Maria da Penah Fernandes v Brazil
As she slept at her home in May 1983, Maria da Penha Pernandes was shot by her husband. Having suffered years of debilitating abuse, the mother of three children was left paralysed from waist down. Two weeks after her return from the hospital, her husband attempted to electrocute her. The case languished in the criminal justice system for years and Maria’s husband remained free for nearly two decades. When he was finally sentenced in 2002, he served just two years in prison.
In this landmark ruling, the Inter-American Court of Human Rights held the Government of Brazil responsible under international law for failing to take effective action to prosecute and convict perpetrators of domestic violence. It stated that: ‘Failure to prosecute and convict the perpetrator…is an indication that the Brazilian State condones the violence suffered by Maria de Penha and this failure by the Brazilian courts to take action is exacerbating the direct consequences of the aggression by her ex-husband.’

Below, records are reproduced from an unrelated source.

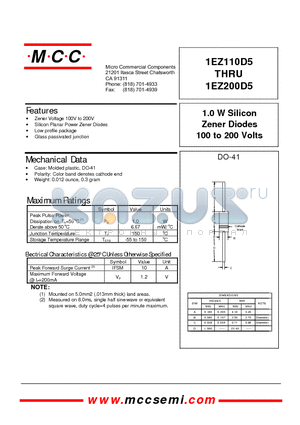 1EZ120D5 datasheet - 1.0 W Silicon Zener Diodes 100 to 200 Volts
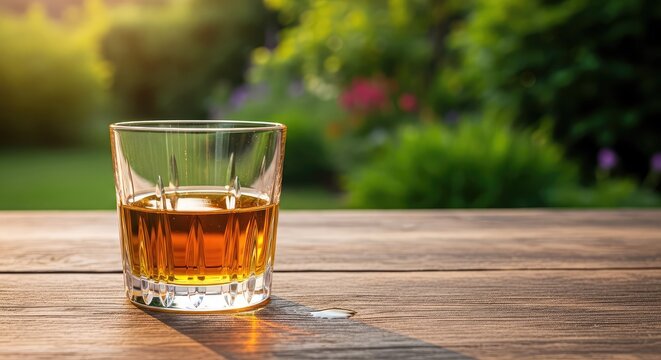 A crystal glass of golden amber calvados sits on a rustic wooden table in a lush garden during the warm light of a late summer afternoon, plants, summer, outdoors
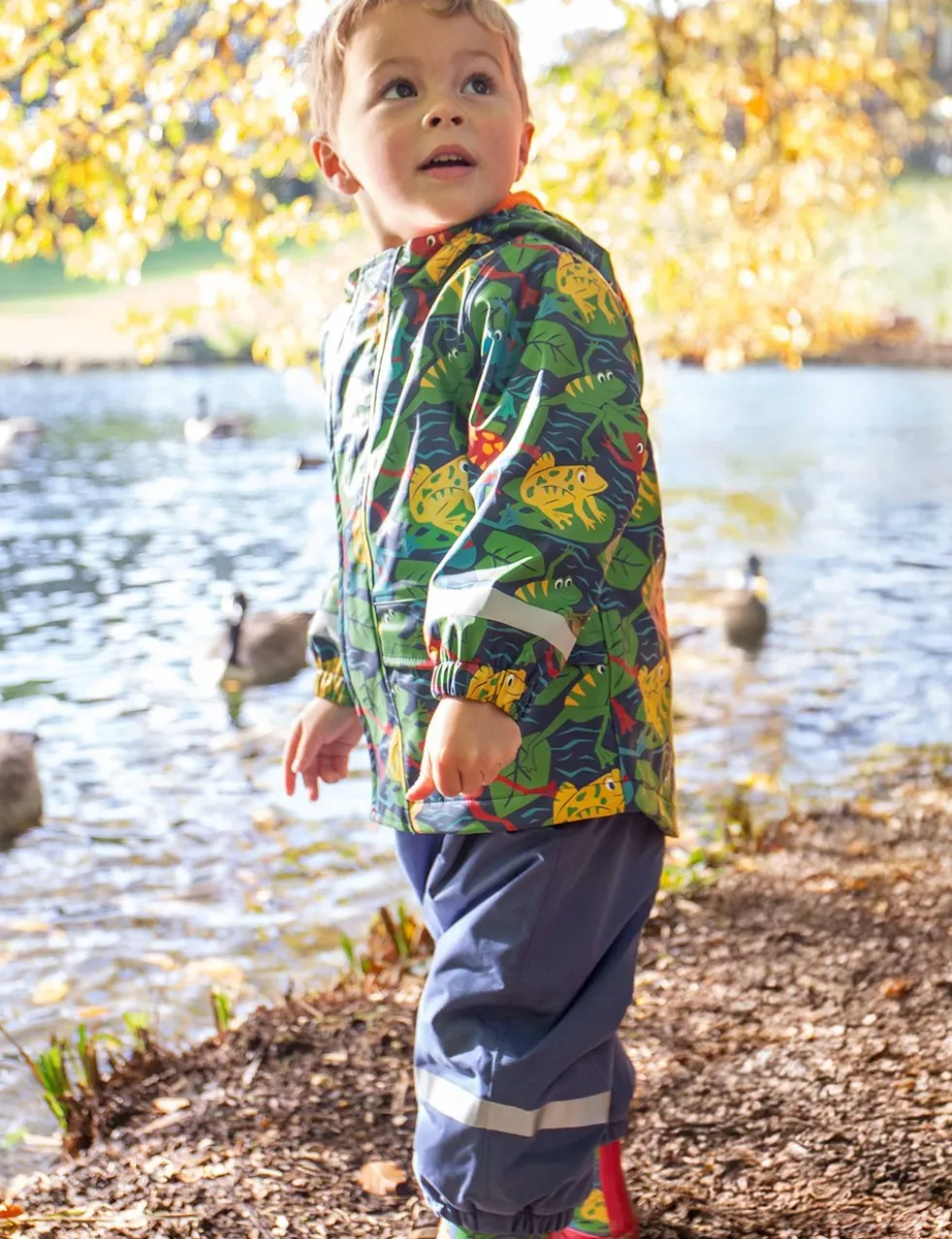 Frog Print Hooded Fleece Lined Raincoat (1-10 Yrs)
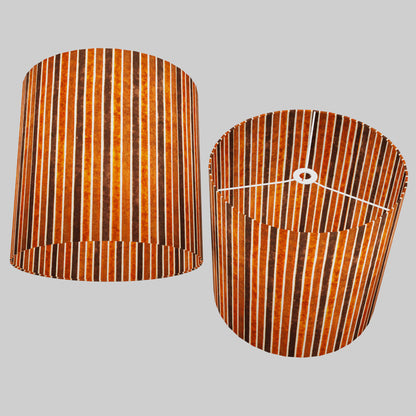 Drum Lamp Shade - P07 - Batik Stripes Brown, 40cm(d) x 40cm(h)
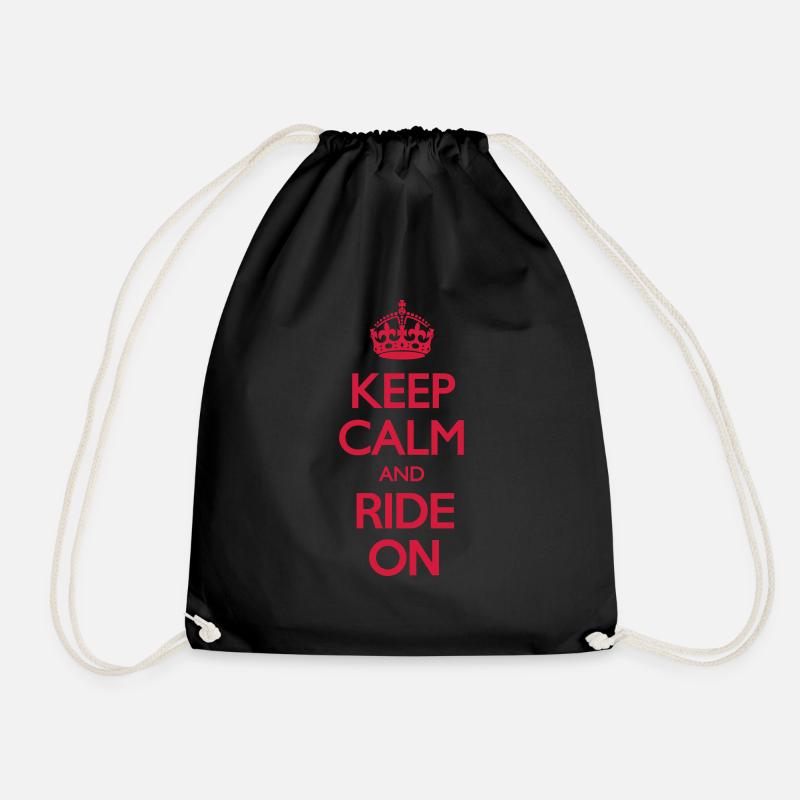 Keep Calm and Ride On - Turnbeutel - Schwarz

The case contributed to the growing international consensus that States have a legal obligation to take positive steps, measured by the standard of ‘due diligence’, to uphold women’s human rights.
In 2006, the Government of Brazil enacted domestic violence legislation, symbolically named the Maria da Penha Law on domestic and family violence, mandating preventive measures, special courts and tough sentences. Maria da Penha continues to campaign for justice for survivors of domestic abuse and is outspoken about the need for thorough implementation of the law.
(Excerpted from UN Women’s ‘Progress of the World’s Women 2011-12: In Pursuit of Justice’.)